Later on, when I arrived in Medellín and started university, I went through something similar. I didn’t feel comfortable in the spaces where my classmates hung out; I was used to meeting up to dance, and in Medellín people gathered to talk and drink. In the queue in the cafeteria, people used to pull my hair to see if it was real. I didn’t really know how to dress now I was a student, and I always felt awkward. I only realise that now. The change wasn’t so obvious in my body at that age, but essentially it was the same thing: I was growing.
Now Motete is growing, and since I’m in charge, or since, in a way, Motete and I are one and the same, I feel that familiar sense of measuring myself anew, getting to grips with my size all over again.

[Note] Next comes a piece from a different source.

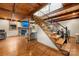 Staircase to living room features exposed wood beams, wood floors, and brick fireplace at 116 Cottage Grove Ln, Mooresville, NC 28117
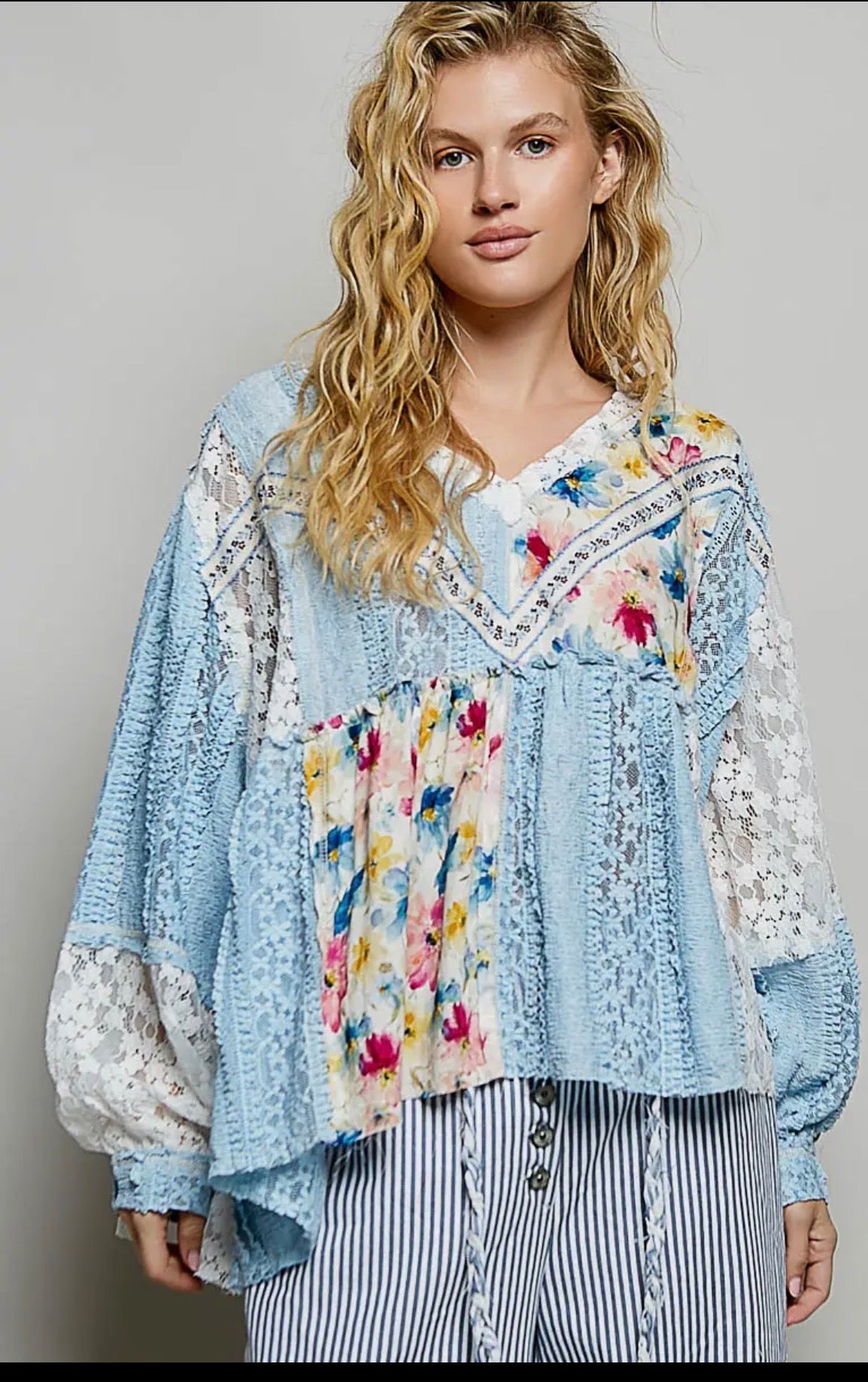 Blue lace with ruffle and lace patch top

I’m not sure of the dimensions and that puts me at great risk of being clumsy, of stumbling and falling, but now falling doesn’t just mean making my classmates laugh: it means risking what I’ve decided is my life’s work.
I have a terrible fear of breaking things. And I worry that other things, like my clothes when I was twelve, don’t fit me. It’s scary not knowing how to divide my attention: I might waste time getting used to my new size, and meanwhile other situations might slip through my fingers.
In physical terms, Motete is bigger. We’ve taken the second floor of the building for another 500,000 pesos, and that’s where we’ve put the kitchen for preparing snacks and lunches, as well as the offices and cake-making area. I have a lovely office, full of natural light, where I feel like I can think better, be by myself a little, read in peace. I’m just finishing making it beautiful.
I think a lot about which things we need to do and which we don’t. About what we want to grow towards.
For now, I hope these growing pains, the kind that follow any big change, don’t hit me too hard this time around.